**Brief**. Go to the line in the entries below that holds "Fier de calcat" and repeat exactly from there through the line that holds "Fabalaxe Headrest Chair", inclusive.
****************************************
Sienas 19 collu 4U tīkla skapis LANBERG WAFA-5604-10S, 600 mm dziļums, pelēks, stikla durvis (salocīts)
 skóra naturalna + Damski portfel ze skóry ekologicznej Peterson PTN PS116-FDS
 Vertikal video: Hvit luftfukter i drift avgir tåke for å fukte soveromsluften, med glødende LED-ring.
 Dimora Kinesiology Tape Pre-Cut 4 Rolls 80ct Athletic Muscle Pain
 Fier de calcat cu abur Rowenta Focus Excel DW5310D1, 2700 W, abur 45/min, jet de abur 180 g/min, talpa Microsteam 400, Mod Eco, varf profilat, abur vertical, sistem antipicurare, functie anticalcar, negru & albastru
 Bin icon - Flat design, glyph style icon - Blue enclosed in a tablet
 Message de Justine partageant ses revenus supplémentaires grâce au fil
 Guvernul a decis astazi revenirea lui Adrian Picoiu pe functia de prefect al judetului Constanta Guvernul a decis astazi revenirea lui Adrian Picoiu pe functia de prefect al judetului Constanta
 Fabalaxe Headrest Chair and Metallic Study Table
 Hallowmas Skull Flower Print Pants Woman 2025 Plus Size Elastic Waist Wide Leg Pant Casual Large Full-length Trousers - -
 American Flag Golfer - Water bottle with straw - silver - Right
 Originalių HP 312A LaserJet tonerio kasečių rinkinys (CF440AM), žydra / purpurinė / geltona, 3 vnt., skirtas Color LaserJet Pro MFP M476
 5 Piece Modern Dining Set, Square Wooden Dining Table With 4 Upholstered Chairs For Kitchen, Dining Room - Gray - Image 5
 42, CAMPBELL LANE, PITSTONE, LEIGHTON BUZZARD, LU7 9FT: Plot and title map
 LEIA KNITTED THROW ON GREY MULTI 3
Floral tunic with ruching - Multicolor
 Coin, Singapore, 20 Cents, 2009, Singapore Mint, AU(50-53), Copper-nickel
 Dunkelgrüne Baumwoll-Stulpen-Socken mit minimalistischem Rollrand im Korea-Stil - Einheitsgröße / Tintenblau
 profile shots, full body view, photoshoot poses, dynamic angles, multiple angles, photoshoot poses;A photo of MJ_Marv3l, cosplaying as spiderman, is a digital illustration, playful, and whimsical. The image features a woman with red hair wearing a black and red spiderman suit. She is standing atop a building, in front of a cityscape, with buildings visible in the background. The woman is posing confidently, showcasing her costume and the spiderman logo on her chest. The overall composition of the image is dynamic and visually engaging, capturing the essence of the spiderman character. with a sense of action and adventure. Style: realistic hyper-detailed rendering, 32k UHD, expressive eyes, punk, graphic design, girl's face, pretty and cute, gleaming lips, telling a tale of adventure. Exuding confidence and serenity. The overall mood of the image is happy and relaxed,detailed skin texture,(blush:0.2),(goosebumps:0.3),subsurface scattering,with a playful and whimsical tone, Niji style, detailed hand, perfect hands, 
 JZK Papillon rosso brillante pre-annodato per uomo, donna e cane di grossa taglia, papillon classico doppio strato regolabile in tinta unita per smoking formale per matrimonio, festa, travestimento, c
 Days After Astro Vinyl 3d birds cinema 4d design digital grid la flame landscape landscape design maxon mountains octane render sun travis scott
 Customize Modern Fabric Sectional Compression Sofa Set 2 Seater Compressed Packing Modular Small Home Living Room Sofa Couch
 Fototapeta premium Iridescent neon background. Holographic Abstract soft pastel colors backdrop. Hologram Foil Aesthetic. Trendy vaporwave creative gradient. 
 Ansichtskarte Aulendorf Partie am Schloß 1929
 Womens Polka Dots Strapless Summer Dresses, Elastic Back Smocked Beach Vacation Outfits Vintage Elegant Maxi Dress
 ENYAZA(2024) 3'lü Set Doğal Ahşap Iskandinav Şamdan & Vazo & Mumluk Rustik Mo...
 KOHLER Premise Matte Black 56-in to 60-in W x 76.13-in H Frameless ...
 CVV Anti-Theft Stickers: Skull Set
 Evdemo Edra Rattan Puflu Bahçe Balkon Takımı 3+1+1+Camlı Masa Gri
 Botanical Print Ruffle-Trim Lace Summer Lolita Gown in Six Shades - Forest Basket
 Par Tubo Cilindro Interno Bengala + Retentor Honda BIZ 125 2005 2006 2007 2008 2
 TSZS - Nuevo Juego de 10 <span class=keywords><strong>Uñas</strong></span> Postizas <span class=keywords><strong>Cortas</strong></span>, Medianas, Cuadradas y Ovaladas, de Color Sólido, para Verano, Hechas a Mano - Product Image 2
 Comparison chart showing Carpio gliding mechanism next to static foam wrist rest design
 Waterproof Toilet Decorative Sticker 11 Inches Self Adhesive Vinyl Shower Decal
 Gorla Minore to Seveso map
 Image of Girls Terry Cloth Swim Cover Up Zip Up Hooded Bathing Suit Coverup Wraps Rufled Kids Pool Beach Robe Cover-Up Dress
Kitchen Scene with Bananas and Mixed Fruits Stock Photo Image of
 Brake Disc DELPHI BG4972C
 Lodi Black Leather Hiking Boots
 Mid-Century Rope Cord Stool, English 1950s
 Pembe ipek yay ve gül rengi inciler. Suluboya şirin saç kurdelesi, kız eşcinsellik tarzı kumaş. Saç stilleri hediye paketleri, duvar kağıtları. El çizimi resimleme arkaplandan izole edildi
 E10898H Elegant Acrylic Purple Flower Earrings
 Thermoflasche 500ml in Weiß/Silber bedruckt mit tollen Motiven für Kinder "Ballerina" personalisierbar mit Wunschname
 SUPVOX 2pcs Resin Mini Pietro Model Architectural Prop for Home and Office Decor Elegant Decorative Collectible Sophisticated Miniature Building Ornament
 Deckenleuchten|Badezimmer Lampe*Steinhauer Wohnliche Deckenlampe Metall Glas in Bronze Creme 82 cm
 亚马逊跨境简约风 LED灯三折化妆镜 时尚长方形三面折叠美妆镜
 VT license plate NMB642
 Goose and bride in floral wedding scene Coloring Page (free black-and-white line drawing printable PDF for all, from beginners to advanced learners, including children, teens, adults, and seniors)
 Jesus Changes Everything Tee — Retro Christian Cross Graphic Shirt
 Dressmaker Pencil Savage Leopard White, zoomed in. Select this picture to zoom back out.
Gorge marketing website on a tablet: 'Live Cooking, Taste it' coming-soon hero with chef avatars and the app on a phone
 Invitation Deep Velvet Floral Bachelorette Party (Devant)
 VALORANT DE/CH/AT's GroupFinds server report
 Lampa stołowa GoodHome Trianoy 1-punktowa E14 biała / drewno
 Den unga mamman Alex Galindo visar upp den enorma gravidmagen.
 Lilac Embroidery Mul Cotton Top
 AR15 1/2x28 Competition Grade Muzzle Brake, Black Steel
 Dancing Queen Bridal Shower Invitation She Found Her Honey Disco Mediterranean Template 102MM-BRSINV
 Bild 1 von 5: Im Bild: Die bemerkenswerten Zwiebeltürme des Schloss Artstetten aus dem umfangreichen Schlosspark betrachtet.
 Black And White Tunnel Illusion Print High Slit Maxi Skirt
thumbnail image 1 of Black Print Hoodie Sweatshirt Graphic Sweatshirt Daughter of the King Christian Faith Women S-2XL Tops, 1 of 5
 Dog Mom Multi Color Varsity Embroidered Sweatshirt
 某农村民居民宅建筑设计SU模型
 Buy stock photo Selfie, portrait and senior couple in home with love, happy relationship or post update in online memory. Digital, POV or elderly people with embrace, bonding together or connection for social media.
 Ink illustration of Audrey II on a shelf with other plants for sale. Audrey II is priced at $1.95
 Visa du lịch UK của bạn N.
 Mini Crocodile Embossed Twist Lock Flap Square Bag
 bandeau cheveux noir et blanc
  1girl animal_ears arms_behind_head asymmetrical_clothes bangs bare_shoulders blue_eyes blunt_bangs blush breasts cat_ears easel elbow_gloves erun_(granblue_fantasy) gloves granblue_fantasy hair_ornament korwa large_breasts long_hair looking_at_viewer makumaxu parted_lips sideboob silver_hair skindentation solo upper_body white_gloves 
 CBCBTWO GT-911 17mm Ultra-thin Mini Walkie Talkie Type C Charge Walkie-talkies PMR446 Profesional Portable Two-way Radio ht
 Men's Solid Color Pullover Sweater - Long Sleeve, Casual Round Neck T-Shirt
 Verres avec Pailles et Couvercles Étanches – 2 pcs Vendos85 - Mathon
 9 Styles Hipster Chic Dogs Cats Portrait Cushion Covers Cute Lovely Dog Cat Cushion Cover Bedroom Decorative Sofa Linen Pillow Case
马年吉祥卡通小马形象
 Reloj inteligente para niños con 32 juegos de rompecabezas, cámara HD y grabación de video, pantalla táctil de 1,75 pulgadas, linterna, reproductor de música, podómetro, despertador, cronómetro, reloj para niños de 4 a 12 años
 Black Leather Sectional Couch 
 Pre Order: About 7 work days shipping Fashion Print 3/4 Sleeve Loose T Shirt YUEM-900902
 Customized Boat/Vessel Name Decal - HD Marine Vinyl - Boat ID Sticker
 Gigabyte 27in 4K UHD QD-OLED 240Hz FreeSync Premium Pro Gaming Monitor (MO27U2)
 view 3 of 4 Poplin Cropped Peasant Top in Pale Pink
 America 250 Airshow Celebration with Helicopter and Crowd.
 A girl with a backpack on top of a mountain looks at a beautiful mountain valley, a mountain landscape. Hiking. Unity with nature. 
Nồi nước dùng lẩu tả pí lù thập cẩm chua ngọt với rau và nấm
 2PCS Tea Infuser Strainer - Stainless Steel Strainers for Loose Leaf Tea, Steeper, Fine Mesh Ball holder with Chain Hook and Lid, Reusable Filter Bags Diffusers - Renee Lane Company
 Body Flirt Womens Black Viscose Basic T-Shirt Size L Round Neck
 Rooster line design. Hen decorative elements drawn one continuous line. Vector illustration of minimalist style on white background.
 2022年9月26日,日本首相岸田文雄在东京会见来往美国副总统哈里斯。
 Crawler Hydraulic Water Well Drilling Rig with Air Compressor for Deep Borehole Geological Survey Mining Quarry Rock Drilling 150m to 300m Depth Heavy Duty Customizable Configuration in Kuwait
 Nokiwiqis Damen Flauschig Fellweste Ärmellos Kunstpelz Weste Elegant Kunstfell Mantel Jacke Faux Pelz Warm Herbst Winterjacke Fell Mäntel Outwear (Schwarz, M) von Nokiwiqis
****************************************
**Solution for this problem**.
 Fier de calcat cu abur Rowenta Focus Excel DW5310D1, 2700 W, abur 45/min, jet de abur 180 g/min, talpa Microsteam 400, Mod Eco, varf profilat, abur vertical, sistem antipicurare, functie anticalcar, negru & albastru
 Bin icon - Flat design, glyph style icon - Blue enclosed in a tablet
 Message de Justine partageant ses revenus supplémentaires grâce au fil
 Guvernul a decis astazi revenirea lui Adrian Picoiu pe functia de prefect al judetului Constanta Guvernul a decis astazi revenirea lui Adrian Picoiu pe functia de prefect al judetului Constanta
 Fabalaxe Headrest Chair and Metallic Study Table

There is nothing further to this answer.